Yes. One time some friends and I drove west. We drove from Oshawa to Flint, Michigan in one relatively-short day. We drove around the clock from Flint to Minott, North Dakota in about 36 hours (one person at the wheel, one navigating and keeping the driver awake, and one sleeping in the back, and changing around every three hours). The drive from the Toronto area to Minott is comparable to the drive to Winnipeg… and that’s the short route.

Actually, it’s Ontario King’s Highway #17. :slight_smile: West of Thunder Bay, Hwy 11 goes south of Hwy 17 and ends at Rainy River on the Minnesota border. It’s Hwy 17 that goes to Manitoba and becomes Manitoba Highway 1. It’s all still the Trans-Canada Highway, though.

East of Thunder Bay, Hwy 11 and Hwy 17 share the same road until east of the Nipigon River. There, Hwy 11 splits off and goes north, while Hwy 17 follows the north shore of Lake Superior and goes through Wawa to Sault Ste. Marie (an awesomely-beautiful drive, BTW).

There is only one road bridge across the Nipigon river. This bridge carries all the traffic that the Trans-Canada Highway carries between western and eastern Canada.

I hear that bridge is under repair…

Incidentally, the Trans-Canada Highway splits apart and takes several routes through Ontario. That’s not just your imagination. All of its routes, though, tend to stay to the north. The closest it gets to the Toronto area and Lake Ontario is along Hwys 12 and 7 through central and eastern Ontario.

While I’m at it, I should mention one of my favourite sites about Ontario highways:
http://www.thekingshighway.ca/
Great archival photographs, such as the Nipigon River bridge.

Not a thing. I’ve traveled parts of it with great pleasure.

I am just interested to find that such a vast land border has exactly one thru road crossing it.

Have a gander at the Northern territories.

Most of the industrial traffic probably came down through the great lakes to Toronto and Montreal and the only real surface transport up until WW2 would have been via train. Since the airlines take the majority of folks across the country, there probably has been no reason to expand on the surface routes.

Declan

Well, the gander is actually at Wawa, ON.

I’m pretty sure that’s a goose. Gander is in Labrador. :stuck_out_tongue:

It is.

The only road link between the two halves of the country is down to a single lane in both directions. Hilarity ensues!

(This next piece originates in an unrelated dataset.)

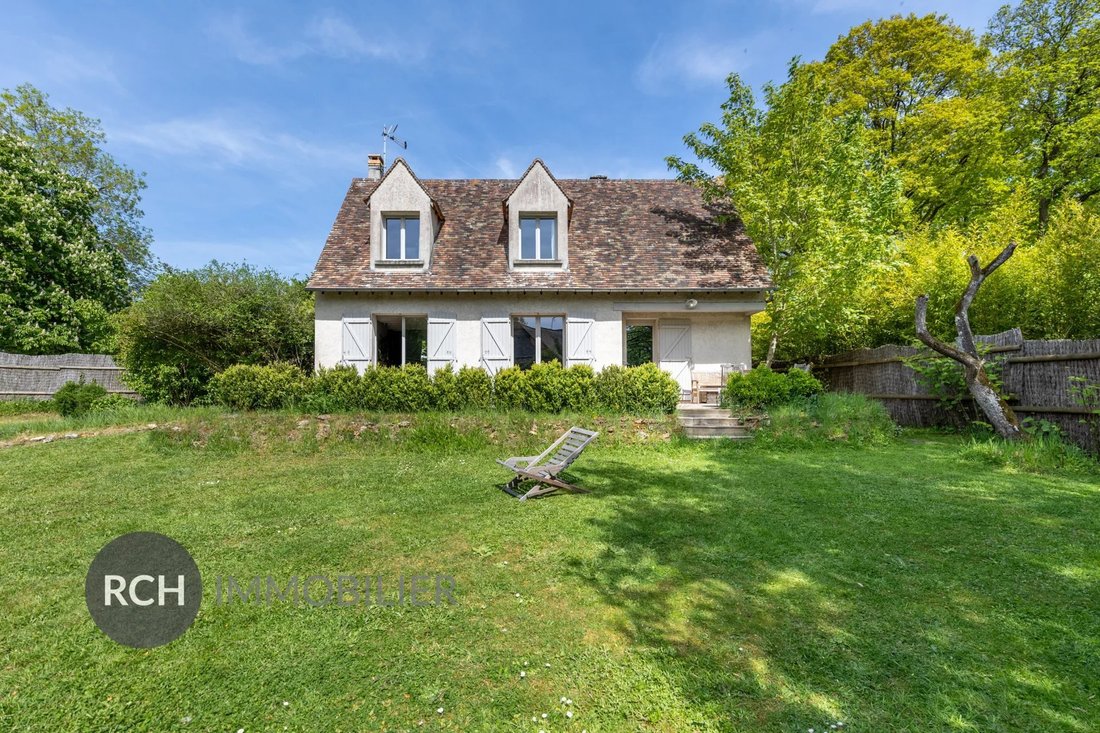 House in Montfort-l'Amaury, Ile-de-France, France 2 - 17745108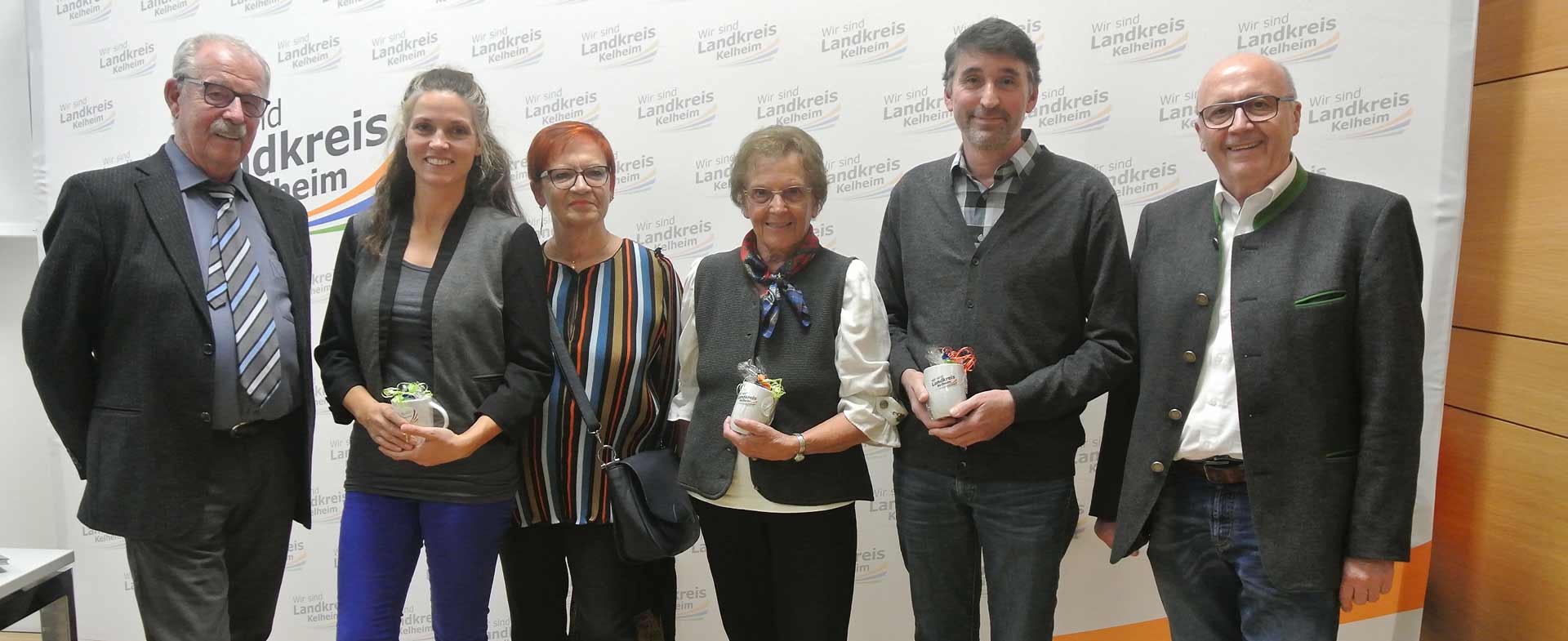v.l.: Ulrich Boeken, Maria Reiser, Ursula Boeken, Lilo Straßer, Andreas Dick und Landrat Martin Neumeyer (Foto: Sonja Endl)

I second this, and I think I can expand upon it.

Look at any road map of most of America*, even one without much detail, and you’ll see that it is completely riven with roads. Americans take it very much for granted that we can drive from anywhere to anywhere within most of our country, and that driving is the best way of travelling unless there are other obvious concerns. We have bad airlines (private) and worse rail (subsidized) because driving is very often seen as a better option. Yes, that is a self-feeding cycle. The cycle got started in the 1950s with the inauguration of the Interstate Highway System.

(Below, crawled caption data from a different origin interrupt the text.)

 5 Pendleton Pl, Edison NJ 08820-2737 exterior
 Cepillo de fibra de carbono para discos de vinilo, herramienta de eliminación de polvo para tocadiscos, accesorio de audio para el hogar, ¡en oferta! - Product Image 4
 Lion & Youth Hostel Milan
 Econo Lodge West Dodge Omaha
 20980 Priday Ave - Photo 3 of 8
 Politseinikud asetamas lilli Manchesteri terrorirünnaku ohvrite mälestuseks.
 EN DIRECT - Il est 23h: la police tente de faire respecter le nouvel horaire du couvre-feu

*Alaska is the big exception. The factors that work in Alaska also work in Canada to a very large extent, yielding the same result in both places. I don’t know much about roads in Hawaii except the obvious.

That doesn’t really have anything to do with the difference between the US and Canada though. (And why would you think private airlines are bad? What’s bad about them?)

There’s few roads in northern Ontario because very few people live there. If you look at a road map of the populated areas of Canada, they’re full of nicely constructed freeways. Canada has private airlines too (to be fair, in my extensive experience they’re a bit better than American carriers, but that may just be the luck of the draw) and an underdeveloped rail system.

The U.S. needs a lot of roads because 300 million people live there and it’s a big country.